- **Data for processing**:
=== Begin Enclosure ===
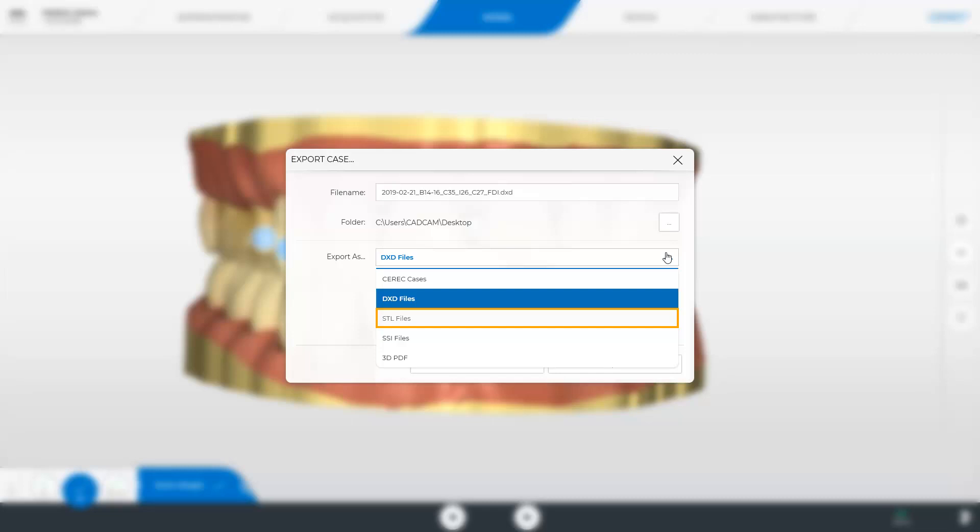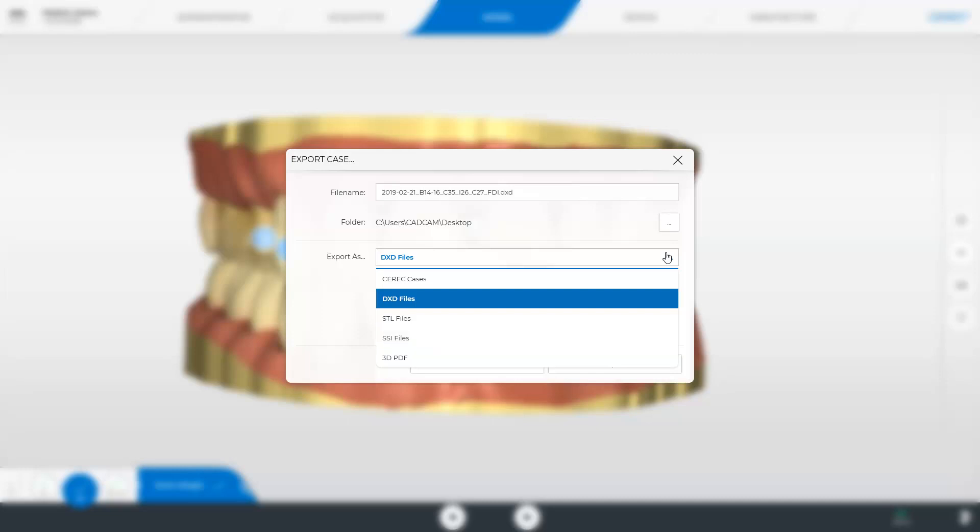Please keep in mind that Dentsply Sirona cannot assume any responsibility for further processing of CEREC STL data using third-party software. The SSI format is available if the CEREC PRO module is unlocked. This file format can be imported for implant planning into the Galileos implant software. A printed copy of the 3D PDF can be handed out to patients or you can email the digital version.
=== End Enclosure ===
=== Begin Enclosure ===
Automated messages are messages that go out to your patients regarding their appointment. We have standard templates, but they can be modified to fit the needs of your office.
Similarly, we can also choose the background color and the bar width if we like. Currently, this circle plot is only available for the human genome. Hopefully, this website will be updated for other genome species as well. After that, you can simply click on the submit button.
=== End Enclosure ===
- **Try it**:
Would you output, from the records above, exactly the run of lines that starts at the line containing "Automated messages are" and ends at the line containing "Similarly, we can", and only that run?

- **Solved problem**:
Automated messages are messages that go out to your patients regarding their appointment. We have standard templates, but they can be modified to fit the needs of your office.
Similarly, we can also choose the background color and the bar width if we like. Currently, this circle plot is only available for the human genome. Hopefully, this website will be updated for other genome species as well. After that, you can simply click on the submit button.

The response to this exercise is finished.